January 6 – Former US Soccer Federation president Carlos Cordeiro is bidding for a comeback, having announced his candidacy for the presidential elections that will be held at the USSF National Council meeting this March.

Cordeiro resigned from the USSF presidency in March 2020 following furious criticism of language used in a legal filing by the US federation in the equal pay case brought by its women’s national team.

While he might have been out of the administration of the US game, he has still been very involved with international football as an elected member of Concacaf’s board and last year becoming an advisor to FIFA president Gianni Infantino working within the group examining the international calendar and, in particular, how it impacts the global commercial expansion of the game.

To return to the presidency of the USSF, Cordeiro will have to beat Cindy Parlow Cone who took over as interim from Cordeiro on his resignation.

The decision to run again is only a recent one by Cordeiro, who says he was motivated by the number of US stakeholders who had written to him encouraging his return.

To make it a reality he has in somewhat typical style, addressed the elephant in the room of the women’s equal pay dispute head-on and with a substantial amount of contrition.

In a letter to USSF members he, not for the first time, recognises “the inexcusable and offensive legal filing that caused so much pain, especially for our incredible women’s players.”

The filing was not read by Cordeiro before it was submitted and he has no problem owning that error, saying that he would never have allowed such wording to be submitted, but with it having gone and “given the severity of what happened, words of apology were clearly not enough… I believe that resigning was in the best interests of U.S. Soccer at that moment.”

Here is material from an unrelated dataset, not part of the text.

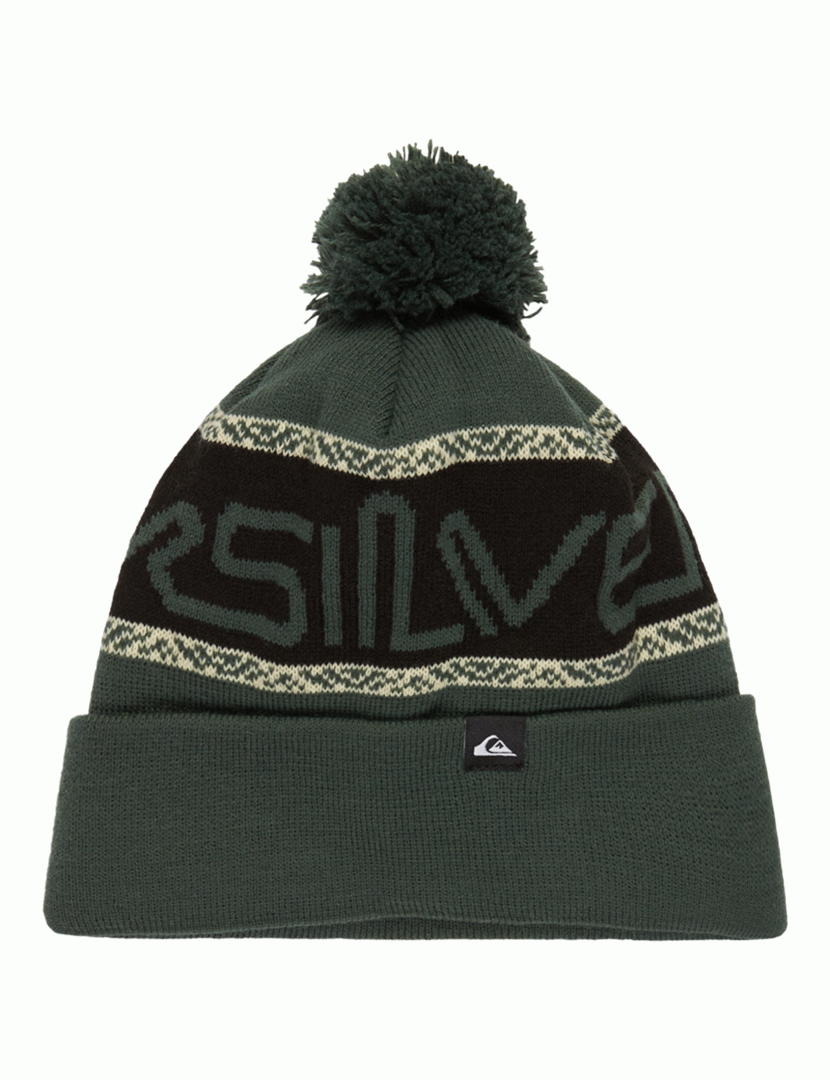 Gorro Summit Multicolorido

Certainly his resignation brought the issue into clearer focus, but it did still not find a pathway to resolve the legal dispute or the wider issue of equal pay.

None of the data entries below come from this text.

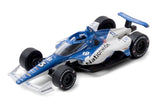 JR Motorsports 2020 NTT Indycar Series Greenlight 1/64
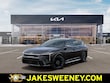  Kia K4 Hatchback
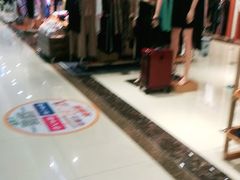 -翠微百货(龙德店)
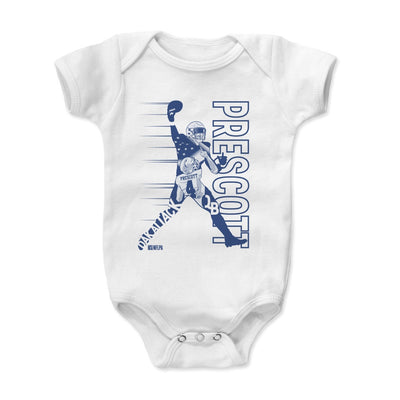 Dallas Cowboys Onesie NFL Onesie 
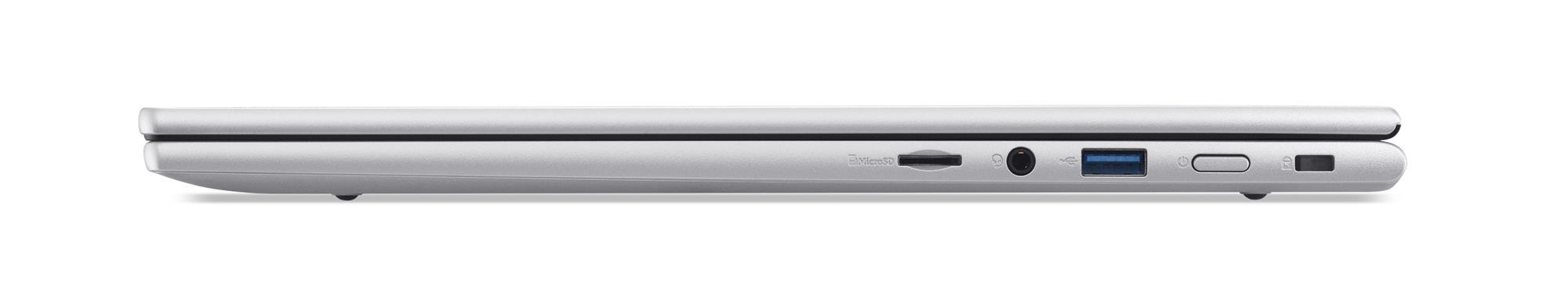 Acer Aspire Spin 15 Light Silver (ASP15-61N-R0SB) (NX.DY8EC.003)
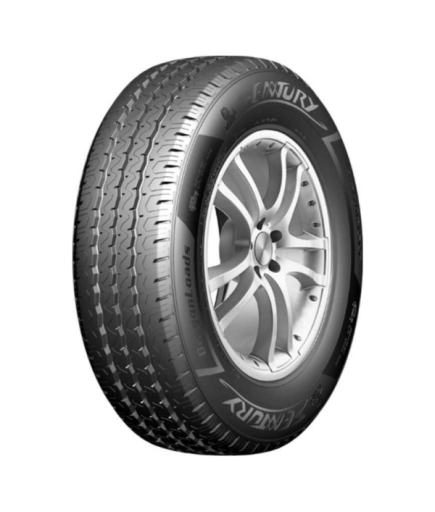 Sentury 215/75R16C 113/111S DragonLoads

“There has to be an immediate resolution to the litigation,” said Cordeiro.

“We have to get past the litigation and these huge costs. Being away from the day-to-day of the federation has given me time to reflect,” he continued.

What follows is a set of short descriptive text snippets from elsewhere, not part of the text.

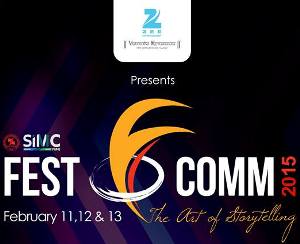 Zee Entertainment Enterprises Limited presents Symbiosis Institute of Media and Communicationâ€™s  flagship event - Fest-O-Comm 2015!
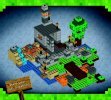 Bauanleitungen LEGO - Minecraft - 21116 - Crafting-Box: Page 40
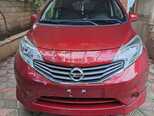 Nissan Note-1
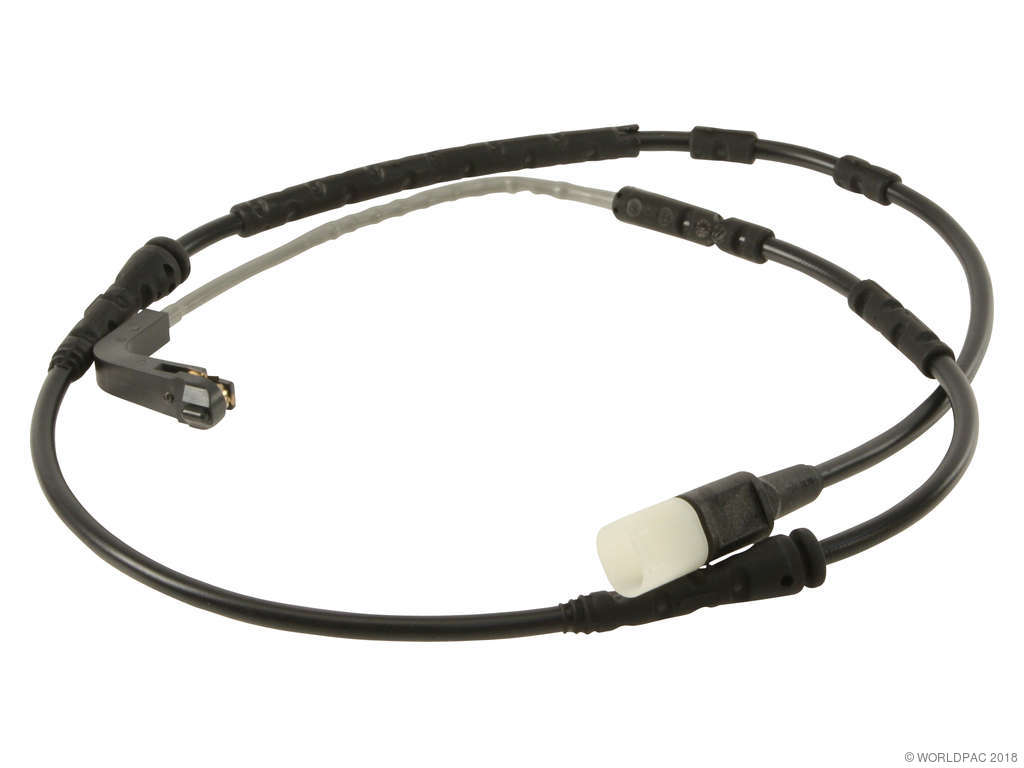 2009-2010 BMW Z4 Disc Brake Pad Wear Sensor - Front (Bowa)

“The solution (to the equal pay issue) is not to take money away from existing programmes like coach education or licensing. We can’t cut these essential activities, but we can borrow a little bit from the UEFA play book, and generate new money for the women’s game and use that to settle the litigation and build an equitable platform for the future. I am confident we can do that.”

“We have to look for new resource…it can’t be cannibalism of existing (revenues),” he emphasised.

While the NWSL (the pro women’s league in the US that is dealing with its own governance challenges) has had made steps to addressing the sponsorship opportunity, Cordeiro says that it is the federation’s role to drive the programme and ensure that the opportunity is opened to a wider football community.

A big part of Cordeiro’s vision for the future of US Soccer is for the US and North America to be a leader in global football rather than a follower.

The World Cup in 2026 that is being co-hosted by the US, Mexico and Canada, is a huge opportunity for that vision to become a reality. Cordeiro, who co-led the bid team, says that it must also be used by the USSF to drive the game for its members.

“2026 is the most important (football) opportunity ever for my country and for the next generation. This is going to drive education, sponsorship, participation, fans – it is all circular. We must have strong leadership to make something of this,” he said.

He also sees 2026 as a springboard for bringing more major international football to the US, and in particular a Women’s World Cup to build what would become a decade of major football events.

It is this vision of creating an inclusive environment for the world’s biggest football events that drives Cordeiro, and he includes hosting Futsal and Beach Soccer within that ambition, and connecting those disciplines closer to the 11-a-side game.

There is no doubt that with Cordeiro’s exit from the USSF, the US lost influence in the power circles of the global game, including a voice that was listened to at the top table. With the US leading the hosting of the expanded 2026 World Cup, there has been something of a vacuum, at least in terms of international representation, at the top of the US federation.

Cordeiro’s point, and it is a big one for the US domestic game, is that the land of opportunity that the US presents for the rest of the world must also be made a game-changing opportunity for those who live and breathe the game in the US.

“I want to balance the centre of gravity away from an overpowering European dominance and make North America a global power,” he says.

Come March the US federation’s stakeholders will decide on who leads the US federation into the 2026 World Cup and beyond. It is an important decision for the future of US Soccer and the grasping of the opportunity that sits in front of it right now. It also has ramifications for regional and global football.